Am 19. Juli gegen Mittag hörte der Angriff auf und die Spanier betraten das Schlachtfeld mit weißer Flagge. Dupont weigerte sich, seine Waffen niederzulegen und antwortete: "Sagen Sie Ihrem General, dass es mir egal ist, und sagen Sie ihm, dass ich ihn angreifen werde."[14] Nach diesen Worten signalisierte Dupont seine Teilung der Dragoner auf der linken Flanke der Spanier, aber sie wurden wieder zurückgeschlagen. Erst jetzt erkannte Dupont seine missliche Lage und forderte einen Waffenstillstand. Dupont legte sein Schwert nieder und unterschrieb es Vertrag von Andujar. Schließlich wurde auch Dupont von den Spaniern gefangen genommen.[15]
Nachwirkungen

Obwohl die Schlacht von Bailén nicht die blutigste oder größte Schlacht des Krieges war, hat die Schlacht in Spanien dennoch einen mythischen Status erlangt. Die Nachricht von der großen Niederlage verbreitete sich bald in ganz Europa und gab den Startschuss für die Österreich um die Fünfter Koalitionskrieg verkünden. Auch Napoleon war schockiert über die Nachricht von der Niederlage in Andalusien. Als Dupont und Vedel nach Frankreich zurückkehrten, wurden beide Herren von Napoleon degradiert und im Gefängnis inhaftiert Schloss von Joux.[16]

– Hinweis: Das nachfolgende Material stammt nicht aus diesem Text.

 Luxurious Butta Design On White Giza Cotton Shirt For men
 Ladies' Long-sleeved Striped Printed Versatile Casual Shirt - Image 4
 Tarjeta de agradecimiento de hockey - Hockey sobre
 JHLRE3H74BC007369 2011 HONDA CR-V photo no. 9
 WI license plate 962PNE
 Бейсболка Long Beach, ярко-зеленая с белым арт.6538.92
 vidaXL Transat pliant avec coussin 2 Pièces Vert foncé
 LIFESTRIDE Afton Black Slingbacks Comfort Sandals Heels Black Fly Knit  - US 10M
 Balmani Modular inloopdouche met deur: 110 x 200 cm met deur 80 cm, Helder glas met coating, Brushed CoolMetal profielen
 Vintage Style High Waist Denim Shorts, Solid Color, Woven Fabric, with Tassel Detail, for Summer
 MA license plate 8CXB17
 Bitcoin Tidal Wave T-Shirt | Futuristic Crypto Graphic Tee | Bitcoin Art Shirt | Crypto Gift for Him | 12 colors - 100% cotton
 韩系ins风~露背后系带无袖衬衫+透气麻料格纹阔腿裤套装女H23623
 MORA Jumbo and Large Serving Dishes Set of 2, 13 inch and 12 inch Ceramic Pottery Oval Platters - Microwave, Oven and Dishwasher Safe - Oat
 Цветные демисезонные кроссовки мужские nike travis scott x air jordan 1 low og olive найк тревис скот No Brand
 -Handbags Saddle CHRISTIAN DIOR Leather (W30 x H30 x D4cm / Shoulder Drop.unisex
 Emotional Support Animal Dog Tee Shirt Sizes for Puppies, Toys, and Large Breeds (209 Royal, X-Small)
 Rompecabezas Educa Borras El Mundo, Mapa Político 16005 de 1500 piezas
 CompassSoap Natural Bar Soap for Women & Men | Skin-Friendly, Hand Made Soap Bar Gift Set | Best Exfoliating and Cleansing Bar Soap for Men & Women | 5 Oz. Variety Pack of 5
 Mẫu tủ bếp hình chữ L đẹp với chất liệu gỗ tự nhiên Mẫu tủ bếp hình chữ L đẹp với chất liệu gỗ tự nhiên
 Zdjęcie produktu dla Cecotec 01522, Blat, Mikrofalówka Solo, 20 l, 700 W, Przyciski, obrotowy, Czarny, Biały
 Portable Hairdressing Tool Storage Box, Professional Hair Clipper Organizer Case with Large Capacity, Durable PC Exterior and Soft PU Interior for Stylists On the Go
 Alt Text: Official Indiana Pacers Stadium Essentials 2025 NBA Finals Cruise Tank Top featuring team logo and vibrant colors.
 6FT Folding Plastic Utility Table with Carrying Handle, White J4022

Darüber hinaus hat der Sieg auch im eigenen Land großen Optimismus hervorgerufen und mehr Menschen im Unabhängigkeitskampf gegen die Franzosen mobilisiert. Die meisten französischen Truppen einschließlich Joseph Bonaparte flieh jenseits des Flusses Ebro. Schließlich beschloss Napoleon, eine neue Armee nach Spanien zu schicken, um seinem Bruder zu helfen. Die Marschälle Jean Lannes und Nicolas Jean-de-Dieu Soult wurde der neue französische Oberbefehlshaber.[17] Unter der neuen Führung gelang es den Franzosen, einen Großteil des verlorenen Territoriums zurückzuerobern. Zum Beispiel der spanische Eroberer von Bailén im Schlacht von Tudela im November 1808 besiegt. Nach der Gefangennahme der französischen Offiziere bei Bailén wurden sie in Cádiz inhaftiert. um es herum Belagerung von Cadiz im 1810 einigen Offizieren gelang die Flucht. Die verbleibenden Offiziere wurden zunächst in die Balearen. Nicht bis 1814 die letzten Überlebenden der Schlacht kehrten auf französischen Boden zurück.[4] Die meisten von ihnen würden sich nie genug von dem Leiden erholen, das sie erlitten hatten.